§ Input data

Start of Block

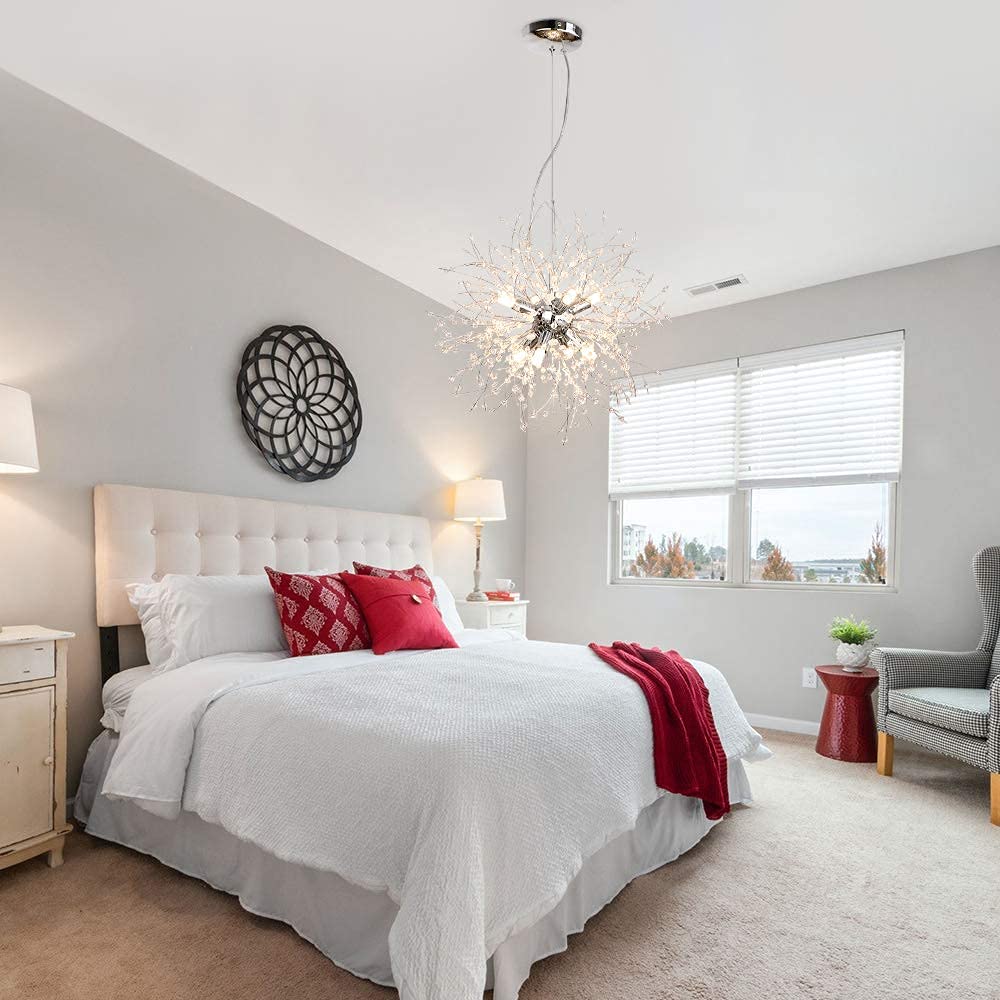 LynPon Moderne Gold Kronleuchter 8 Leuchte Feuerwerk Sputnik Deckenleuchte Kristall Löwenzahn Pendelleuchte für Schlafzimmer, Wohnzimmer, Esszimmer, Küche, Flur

End of Block
Start of Block

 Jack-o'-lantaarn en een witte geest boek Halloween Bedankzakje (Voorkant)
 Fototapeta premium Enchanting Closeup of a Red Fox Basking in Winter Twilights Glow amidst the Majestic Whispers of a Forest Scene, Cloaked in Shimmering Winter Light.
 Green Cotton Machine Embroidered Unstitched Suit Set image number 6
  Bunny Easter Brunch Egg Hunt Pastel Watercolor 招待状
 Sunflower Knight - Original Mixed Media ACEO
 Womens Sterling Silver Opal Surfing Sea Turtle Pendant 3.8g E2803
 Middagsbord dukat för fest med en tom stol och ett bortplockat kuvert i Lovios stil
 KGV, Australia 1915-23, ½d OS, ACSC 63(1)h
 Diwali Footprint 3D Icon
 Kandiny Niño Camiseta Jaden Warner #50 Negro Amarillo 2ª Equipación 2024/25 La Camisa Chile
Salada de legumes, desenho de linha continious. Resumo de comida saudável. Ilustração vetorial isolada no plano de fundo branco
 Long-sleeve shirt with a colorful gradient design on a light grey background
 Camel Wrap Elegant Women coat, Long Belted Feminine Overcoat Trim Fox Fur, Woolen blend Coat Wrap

End of Block
Start of Block

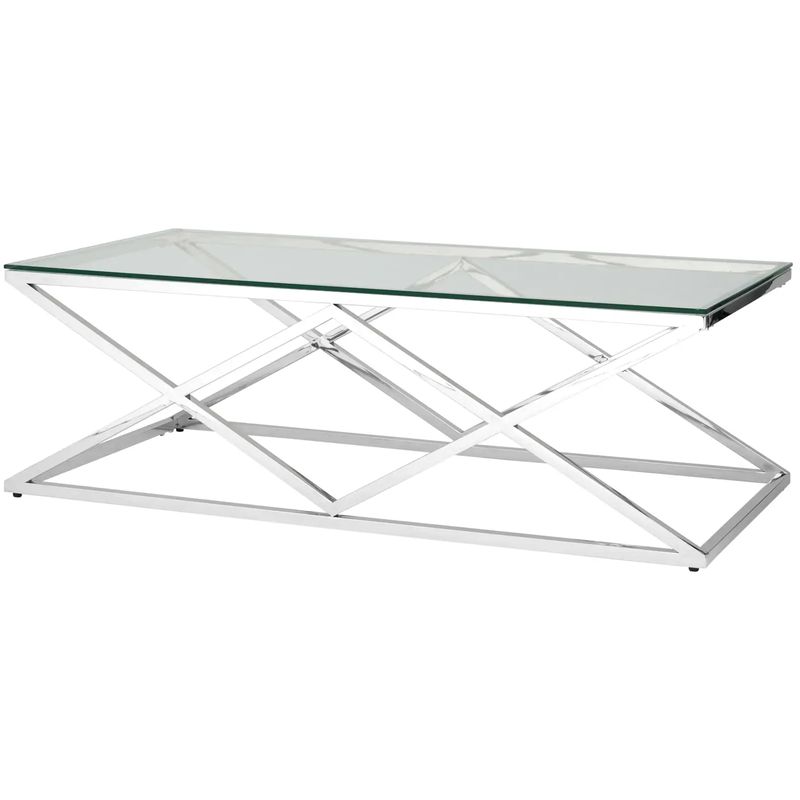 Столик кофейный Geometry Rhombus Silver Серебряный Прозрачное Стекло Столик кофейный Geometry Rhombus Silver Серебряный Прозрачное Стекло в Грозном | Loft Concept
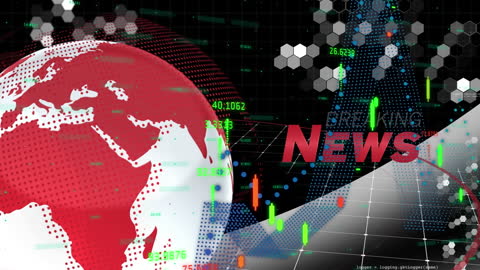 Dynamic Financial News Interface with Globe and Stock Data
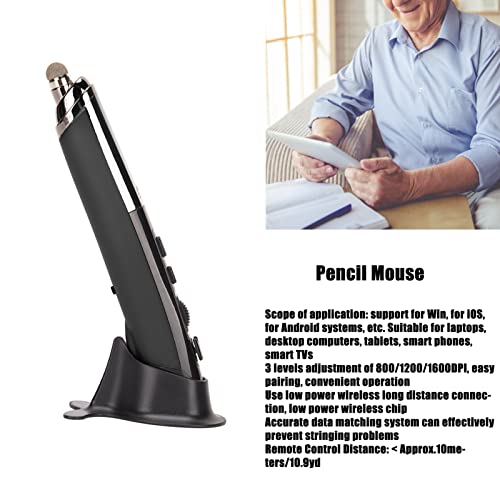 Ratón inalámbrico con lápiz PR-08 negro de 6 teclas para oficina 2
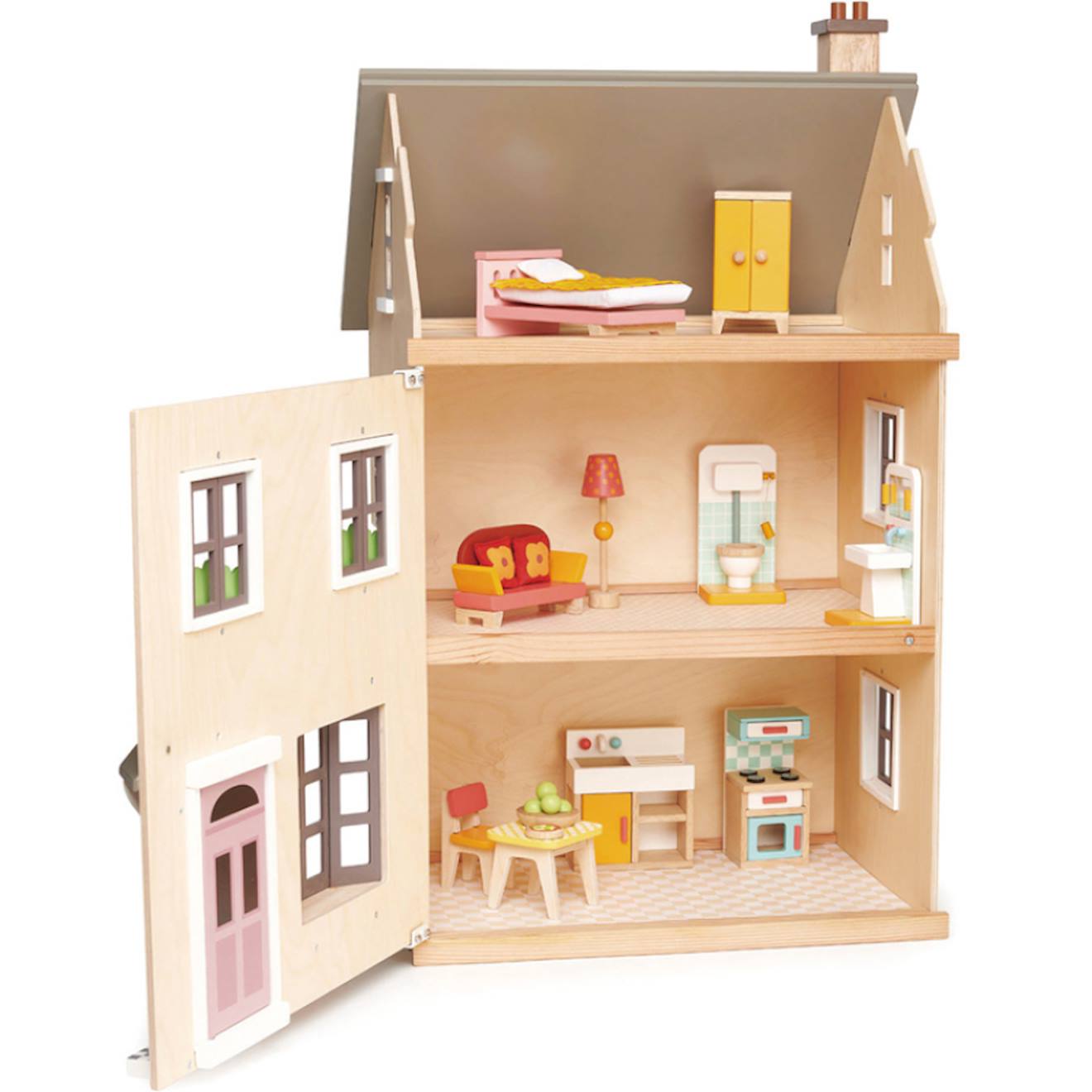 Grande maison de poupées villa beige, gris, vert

End of Block

§ Directions for this task
In the records above, find the line with "Ratón inalámbrico con" and the line with "Grande maison de"; please transcribe exactly those two lines and all lines between them, omitting any picture.

§ Response
 Ratón inalámbrico con lápiz PR-08 negro de 6 teclas para oficina 2
 Grande maison de poupées villa beige, gris, vert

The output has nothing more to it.